Friday, March 31, 2006

Historical Belief/Religious Belief

Wittgenstein says:
"Christianity is not based on a historical truth; rather, it offers us a (historical) narrative and says: now believe! But not, believe this narrative with the belief appropriate to a historical narrative, rather: believe, through think and thin, which you can do only as a result of a life. Here you have a narrative, don't take the same attitude to it as you take to other historical narratives! Make a quite different place in your life for it.- There is nothing paradoxical about that!" (Culture and Value, 32e)

Does belief encounter a 'historical truth' in the same way it encounters an everyday truth (like, the garbage truck comes on Tuesday)?

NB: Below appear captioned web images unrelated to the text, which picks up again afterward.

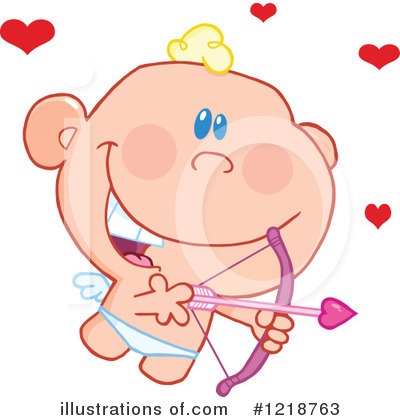 Royalty-Free (RF) Cupid Clipart Illustration by Hit Toon - Stock Sample #1218763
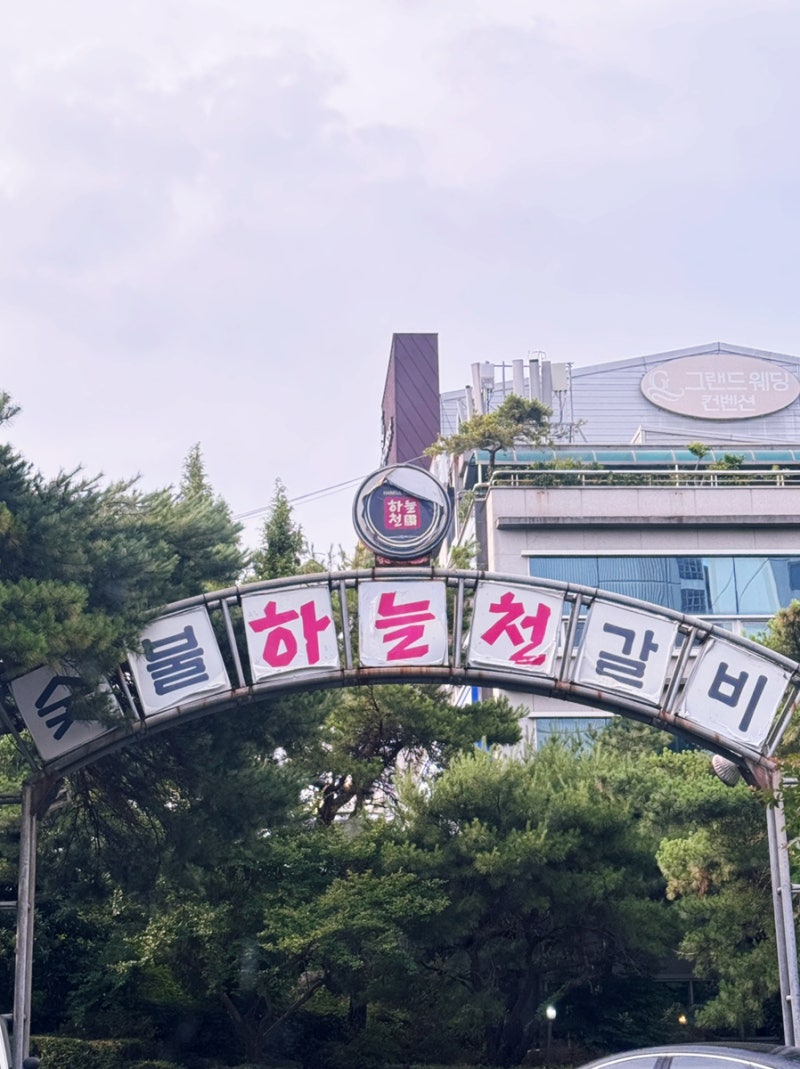 순천호수공원맛집 하늘천 숯불갈비, 뼈 없는 하늘천갈비 된장찌개 솔직후기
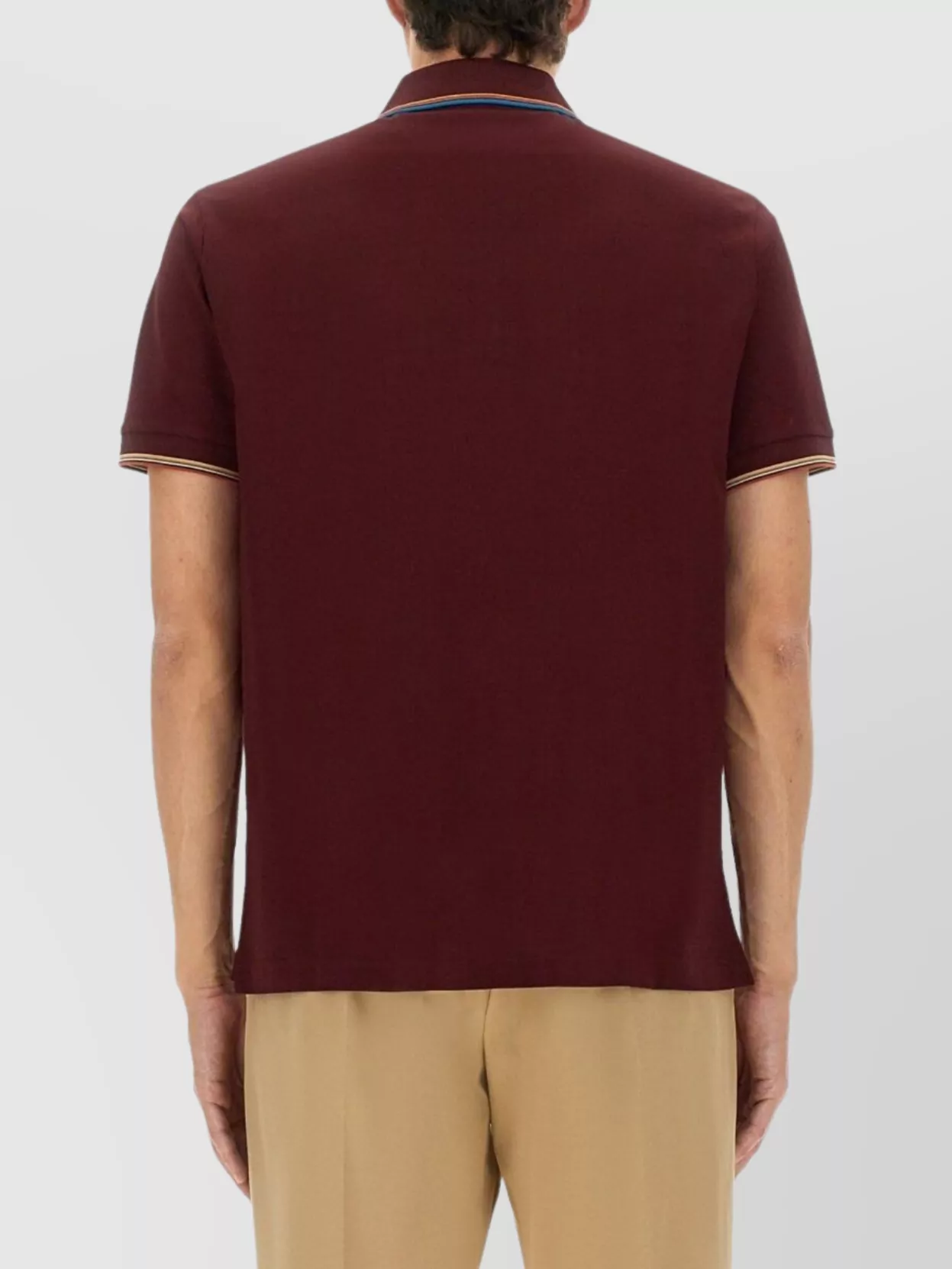 Paul Smith Zip Polo Ribbed Cuffs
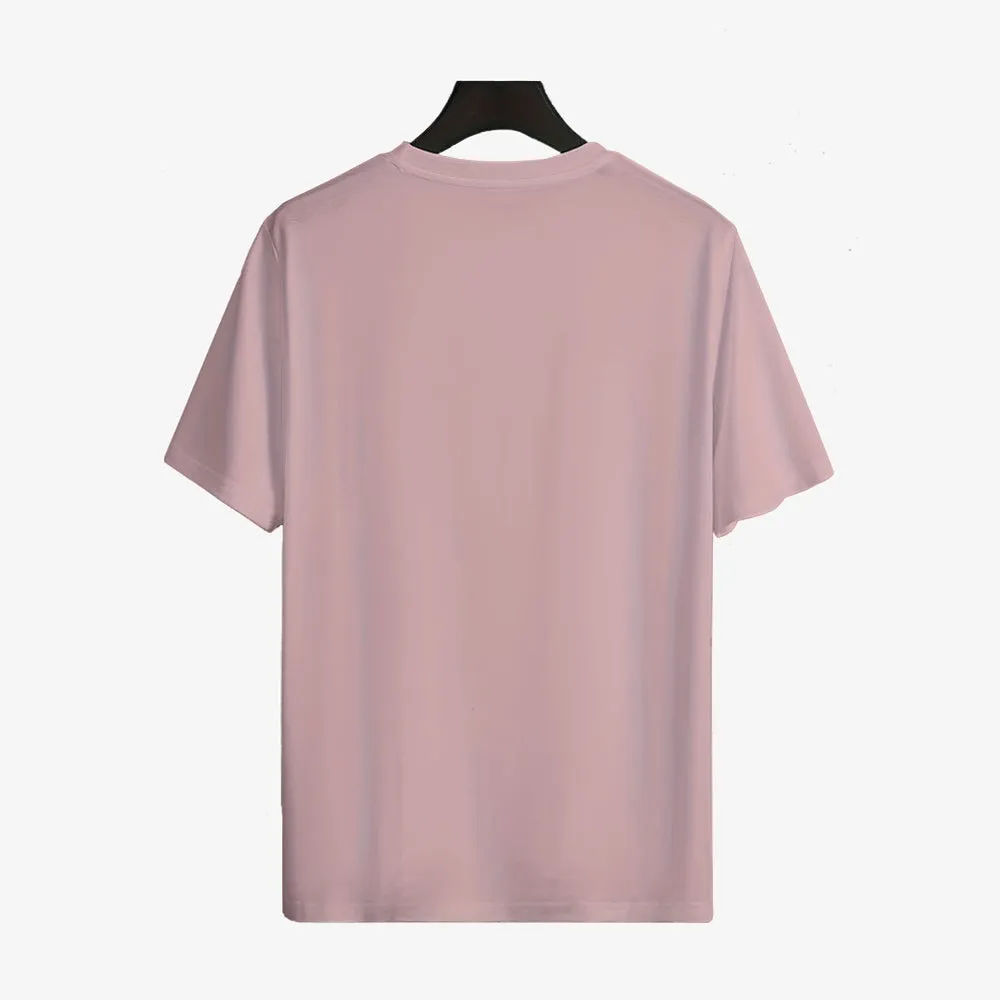 Cheerful Bunny Art Print Casual Short Sleeve T-Shirt
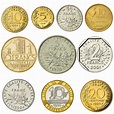 French Coins Old Collectible Money French Republic Vintage Set of 10 5 ...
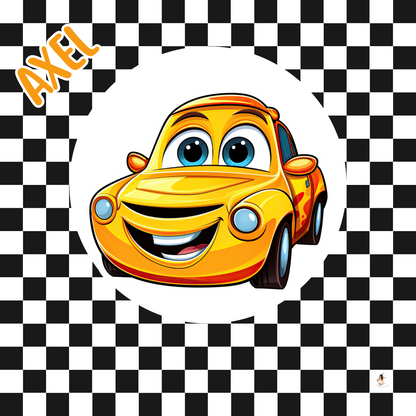 🚗 Stickers Toniebox – Collection Petites Voitures Rigolotes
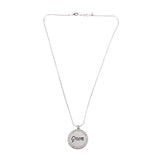 Maxbell Wedding Party Round Circle Lettering Groom Pendant Necklace for Wedding Gift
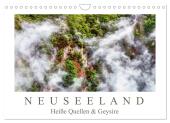 Neuseeland - Heiße Quellen & Geysire (Wandkalender 2025 DIN A4 quer), CALVENDO Monatskalender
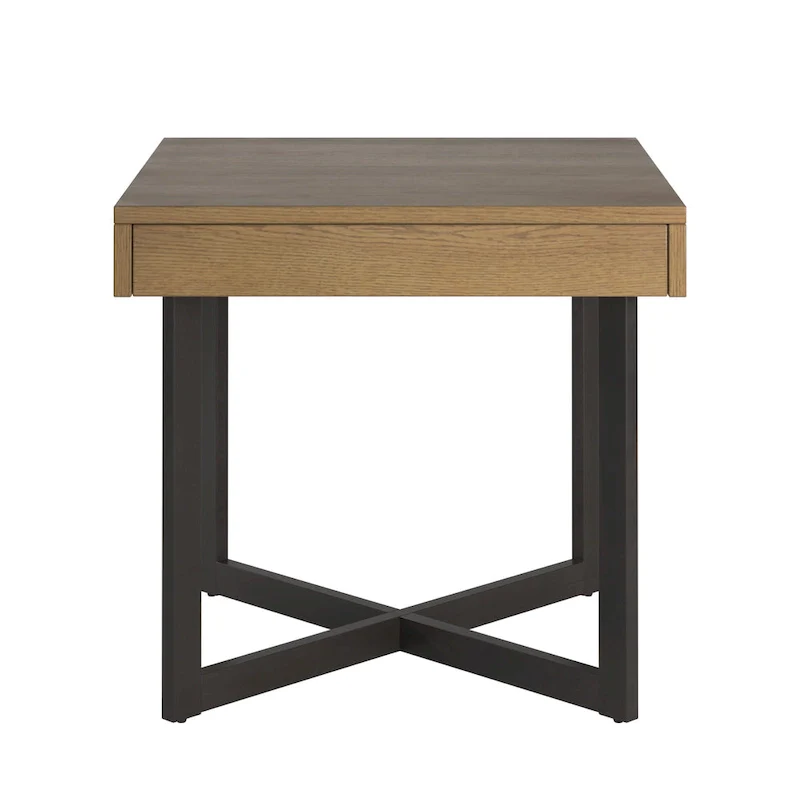 Eldersley Wood Finish End Table with One Drawer by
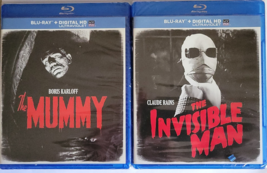 The Invisible Man (1933) The Mummy (1932) both on Blu-ray - £19.69 GBP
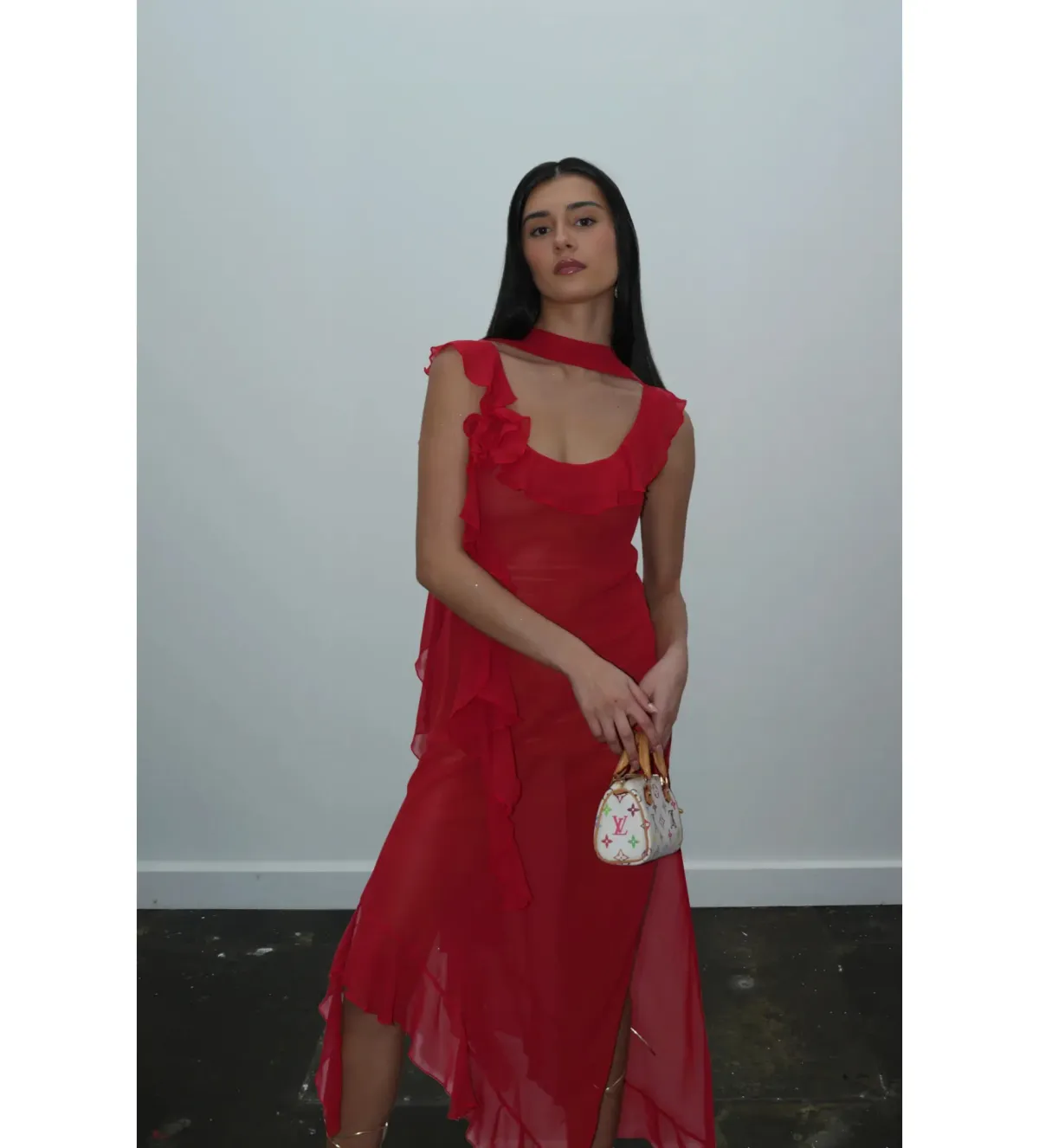 Dzo Luna Dress in Red Size S / AU 8 - Image 3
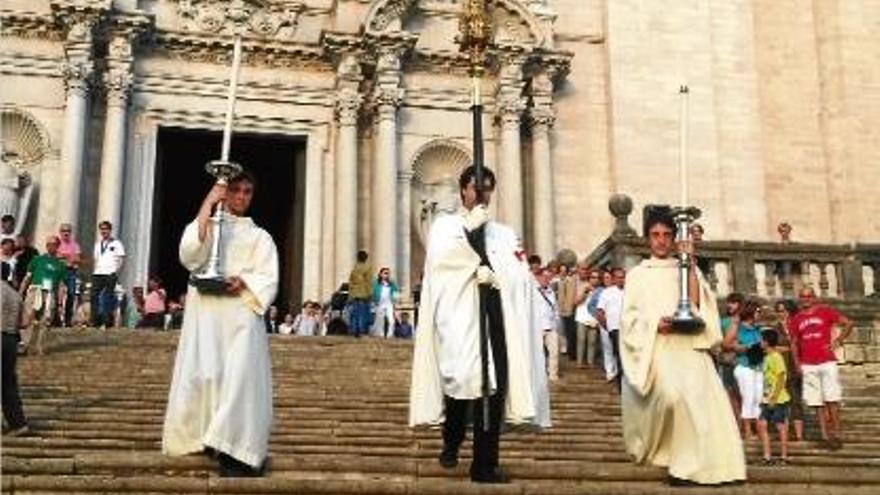 La catedral de Girona acull la processó del Corpus Christi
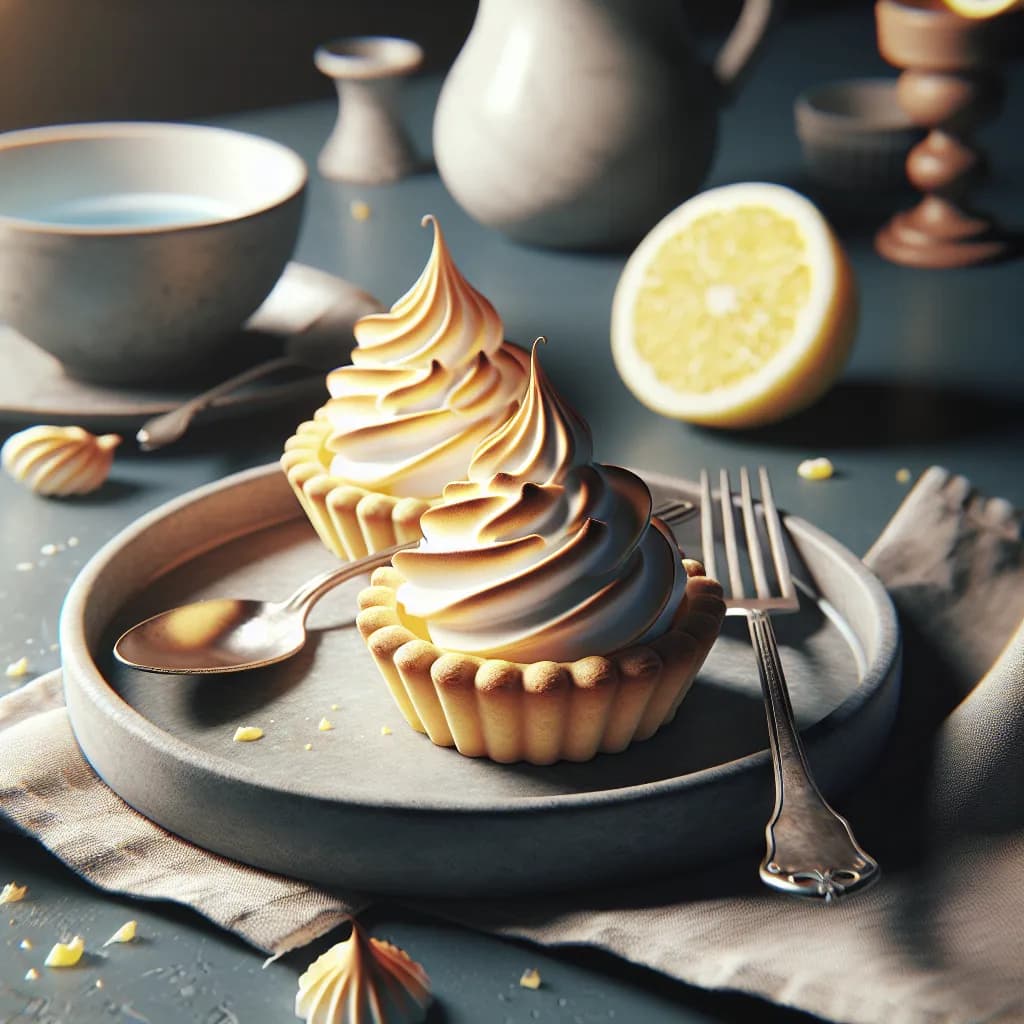 Zitronen-Meringue-Törtchen
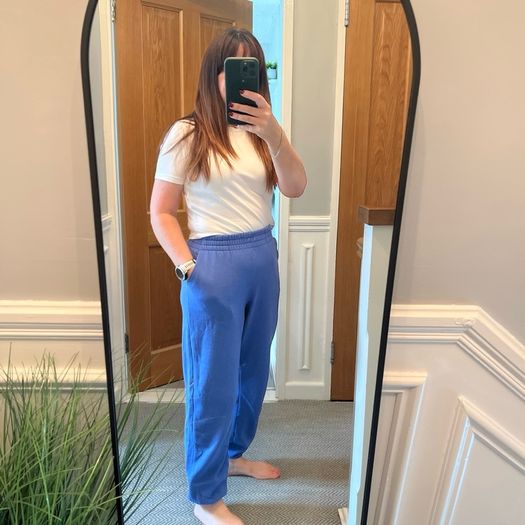 Blue joggers. Size S
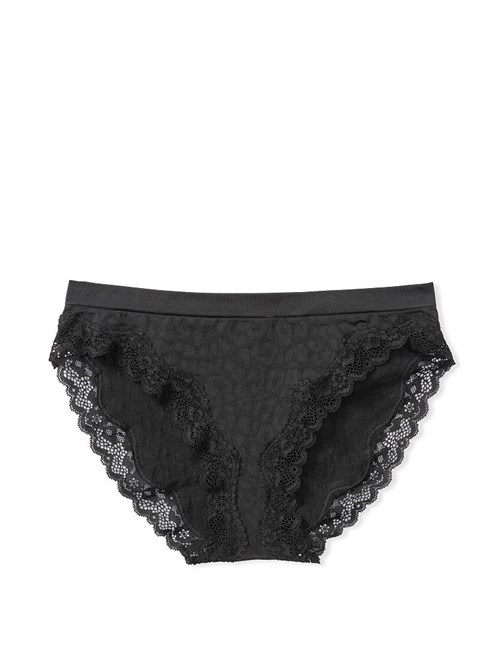 Seamless Lace Trim Bikini Panty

Wittgenstein seems to be saying the encounter is very similar, insofar as it is only a result of 'a life'. But what's 'a life'? Elsewhere he says, "Every sign by itself seems dead. What gives it life? -In use it is alive. Is life breathed into it there? -Or is the use its life?" (PI, 432). This is a fascinating idea: a narrative is 'true' in its use- the 'way' it is used, the place where it is heard, spoken. The historian reads the inconsistent gospels, and says, 'ah, one of these accounts must be false, because they couldn't all have happened.' But St. Irenaeus of Lyon reads four gospels that indicate the four zones of the world (east/west, north/south), and thought four manifested everything about Jesus, 'breathing out immortality on every side.'
This doesn't deal with any type of "objectivism" as such, and that's probably not in Wittgenstein's concern. Really, what is the point of such "objectivism"? Most likely it is to give your reasons for action justification to others, but the only people who would care are those who already somehow hold your poistion (or life, as it were).

The question to me is this: how much is "given" to us (where we don't partake in the forming) and how much do we (consciously or not) form this life? It's this dialectic (if it is a dialectic) that's fascinating.